Oh Tilda, I think I love you in so many wierd ways, but I think you'll understand because you seem to be weird, that's why I think it would work so well. I love your flair for unflattering yet strangely appealing sartorial choices. I love your ever-changing red hair color, I love your talented intensity, your phenomenal acting abilities, and I love, love, love your slightly unnerving alien-like physical features. I would love to see your home planet and be let into your universe. I'd worship you just as lovingly as Viktor + Rolf. What do you say?

You know what I say? I've had enough. It was great, ruby red carpet fun, but now it's time for it to be over. I'll hunt around and see the party wrap-ups and check in with you later. For now, feast on the plethora of sites you can access by clicking any one of the images above. Have fun!


1 comment:

botticellibelle said...

There has to be a ridiculous set of events that led to Jessica Beil's dress not being tailored to fit/hug/love her body. Maybe she had picked out this dress for a future event, and then her first choice didn't arrive in time, so she slipped into this without looking in the mirror first. It is really amazing that the bottom of the dress is still clean! Maybe Justin carried her out to the limo.
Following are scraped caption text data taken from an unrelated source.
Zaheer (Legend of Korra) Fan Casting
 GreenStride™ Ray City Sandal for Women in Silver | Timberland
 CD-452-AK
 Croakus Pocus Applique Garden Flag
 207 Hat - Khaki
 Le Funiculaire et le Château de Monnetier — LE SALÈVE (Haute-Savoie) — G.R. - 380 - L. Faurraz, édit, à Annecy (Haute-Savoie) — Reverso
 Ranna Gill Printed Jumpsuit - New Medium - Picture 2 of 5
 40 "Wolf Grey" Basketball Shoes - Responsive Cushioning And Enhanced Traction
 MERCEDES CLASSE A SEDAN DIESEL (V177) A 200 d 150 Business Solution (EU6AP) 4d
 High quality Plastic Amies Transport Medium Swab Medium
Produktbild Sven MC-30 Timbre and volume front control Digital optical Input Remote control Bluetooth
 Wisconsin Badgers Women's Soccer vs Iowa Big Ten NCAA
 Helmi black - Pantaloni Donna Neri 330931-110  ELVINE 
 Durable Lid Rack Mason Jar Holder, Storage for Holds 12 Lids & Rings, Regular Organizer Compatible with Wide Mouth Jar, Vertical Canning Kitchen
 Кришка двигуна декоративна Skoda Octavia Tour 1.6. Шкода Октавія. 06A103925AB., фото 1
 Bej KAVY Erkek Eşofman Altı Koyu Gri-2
And, I think we should go a few steps further and say that this dress is structurally AMAZING. The fabric was the right choice to pull this dress off. It just does not fit!

PS Diane Lane should serve as an inspiration to women of ALL ages- she is elegant and beautiful and sexy all in one! (Like a snickers bar...or an easter egg. Hmmm...I cannot think of an adequate comparison, but you get the idea.)